**Exercise details**
Every line from the line containing "MaSiledy Чехол для" through the final line below is to be repeated exactly; no other line is.

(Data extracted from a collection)
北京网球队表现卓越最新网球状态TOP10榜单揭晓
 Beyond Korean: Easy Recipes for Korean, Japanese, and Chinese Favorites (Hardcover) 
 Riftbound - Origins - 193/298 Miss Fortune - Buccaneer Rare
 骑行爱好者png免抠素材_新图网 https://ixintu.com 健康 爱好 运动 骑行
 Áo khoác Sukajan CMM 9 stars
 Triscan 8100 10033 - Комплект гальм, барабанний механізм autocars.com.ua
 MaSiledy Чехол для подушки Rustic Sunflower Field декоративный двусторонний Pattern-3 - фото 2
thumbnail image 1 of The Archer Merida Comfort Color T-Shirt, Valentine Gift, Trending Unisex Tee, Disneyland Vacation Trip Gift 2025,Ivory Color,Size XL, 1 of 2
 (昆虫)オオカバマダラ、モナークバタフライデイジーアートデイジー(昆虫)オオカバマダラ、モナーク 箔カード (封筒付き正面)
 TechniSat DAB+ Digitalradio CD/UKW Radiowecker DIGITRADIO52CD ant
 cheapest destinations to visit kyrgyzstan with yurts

**Task solution**
 MaSiledy Чехол для подушки Rustic Sunflower Field декоративный двусторонний Pattern-3 - фото 2
thumbnail image 1 of The Archer Merida Comfort Color T-Shirt, Valentine Gift, Trending Unisex Tee, Disneyland Vacation Trip Gift 2025,Ivory Color,Size XL, 1 of 2
 (昆虫)オオカバマダラ、モナークバタフライデイジーアートデイジー(昆虫)オオカバマダラ、モナーク 箔カード (封筒付き正面)
 TechniSat DAB+ Digitalradio CD/UKW Radiowecker DIGITRADIO52CD ant
 cheapest destinations to visit kyrgyzstan with yurts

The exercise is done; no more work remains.